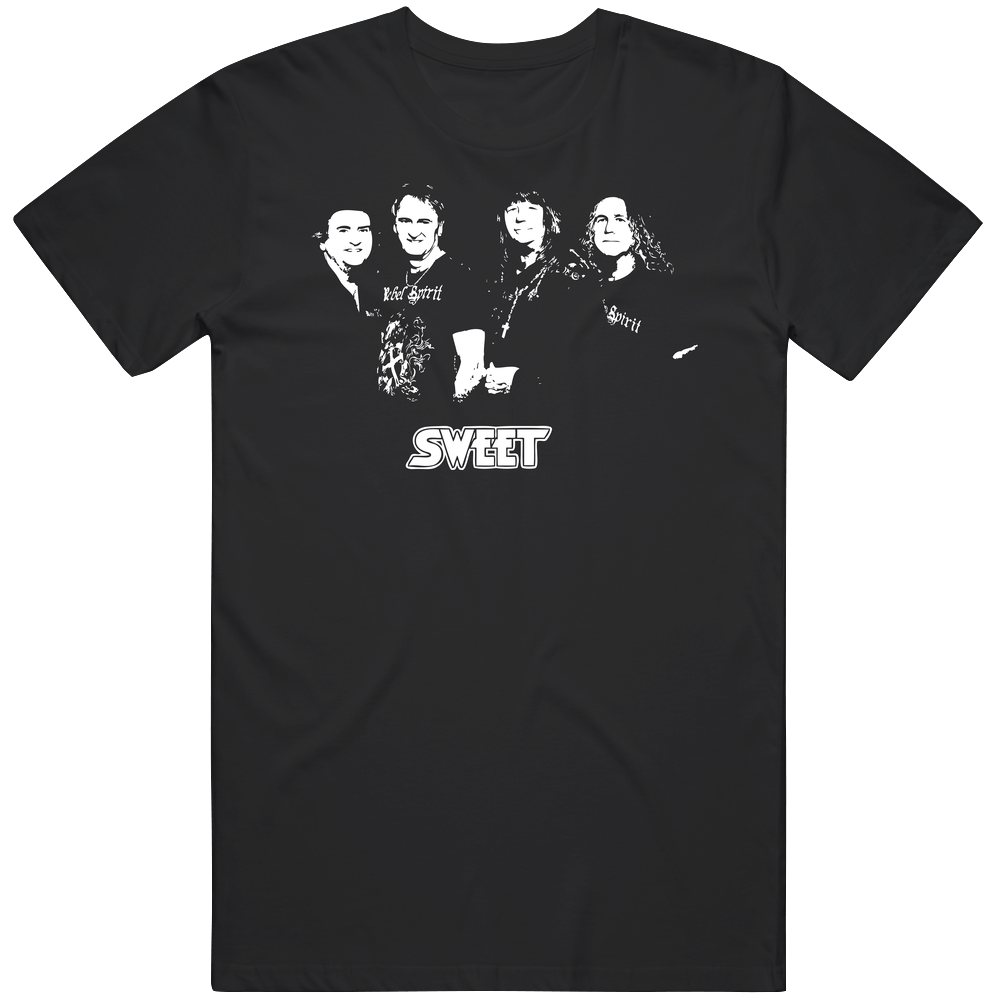 Sweet Band 2 Retro T Shirt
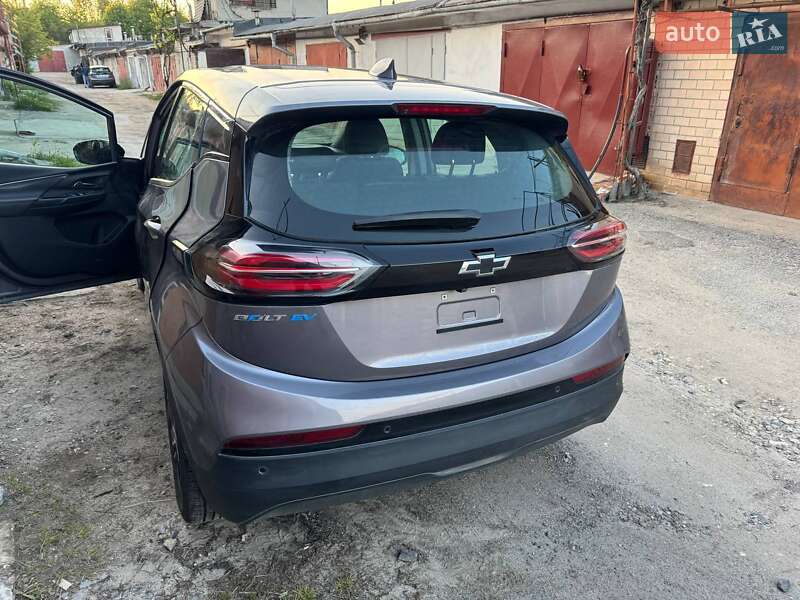 Хетчбек Chevrolet Bolt EV 2023 в Тернополі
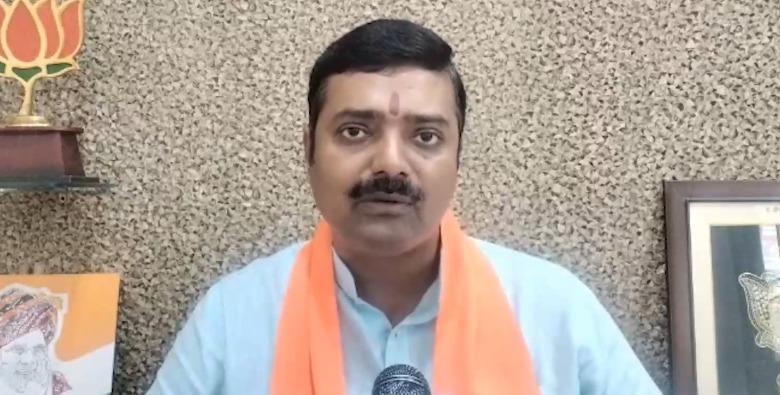 राम मंदिर सुरक्षित हाथों में, राजनीतिक लाभ के लिए मुद्दा उछाल रहे विपक्षी : राकेश त्रिपाठी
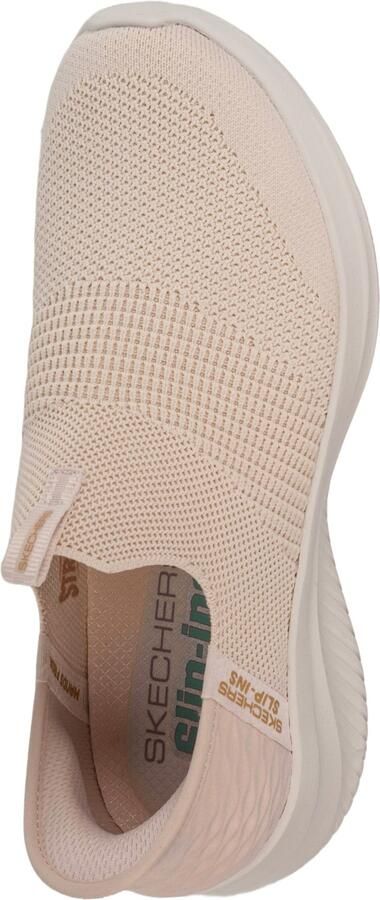 Skechers Ultra Flex 3.0 Cozy Streak 149708-NAT Vrouwen Beige Sneakers Sportschoenen - Foto 3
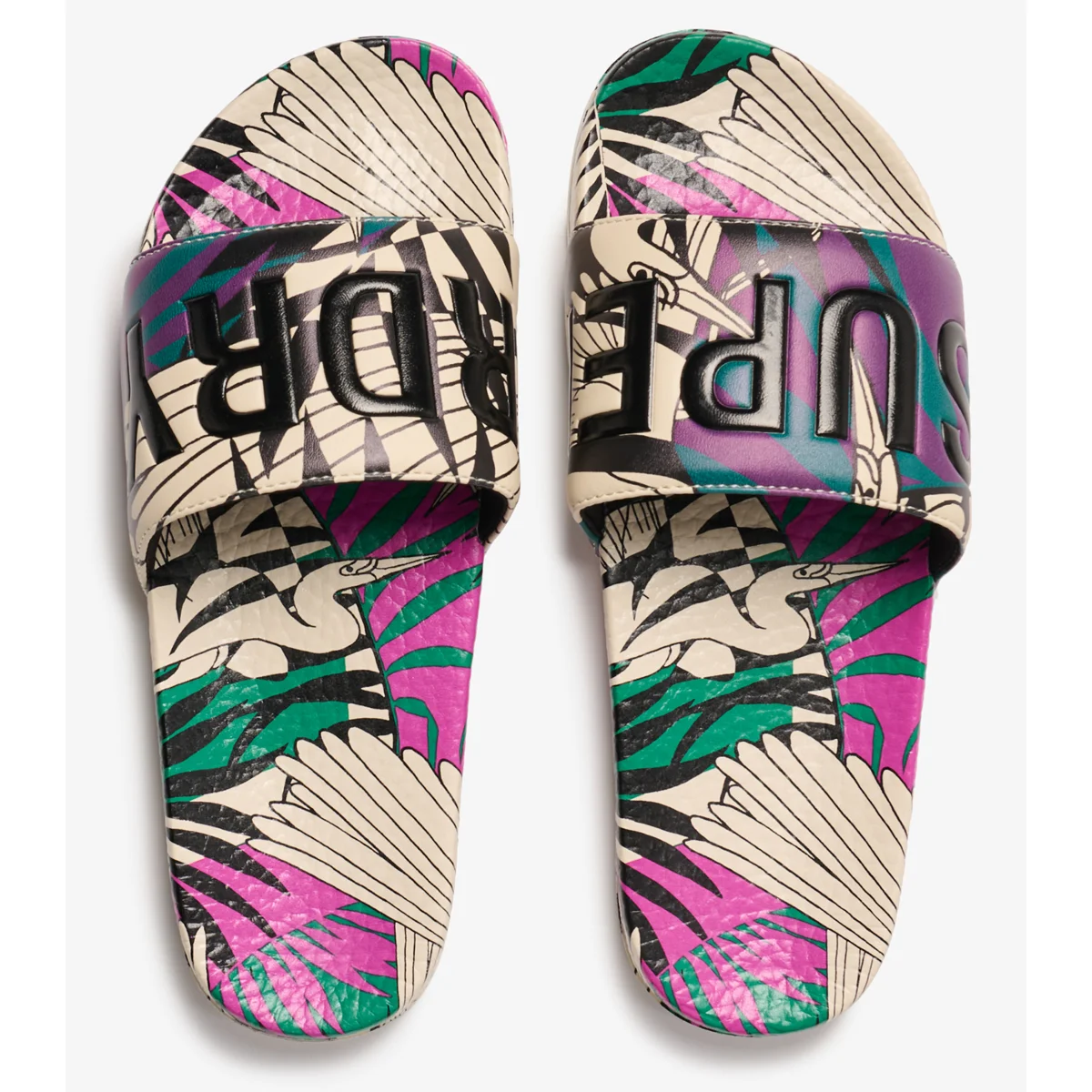 Φωτογραφία προϊόντος: SUPERDRY W SDNA PRINTED AOP POOL SLIDE (WF310248A-J5T) ΥΠΟΔΗΜΑ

----------

> **PROBLEM DESCRIPTION**
Give back the lines from the one containing "Skechers Ultra Flex" through the last line of the records above exactly as they appear, both included, and no pictures.

> **EXPECTED OUTPUT**
 Skechers Ultra Flex 3.0 Cozy Streak 149708-NAT Vrouwen Beige Sneakers Sportschoenen - Foto 3
 Φωτογραφία προϊόντος: SUPERDRY W SDNA PRINTED AOP POOL SLIDE (WF310248A-J5T) ΥΠΟΔΗΜΑ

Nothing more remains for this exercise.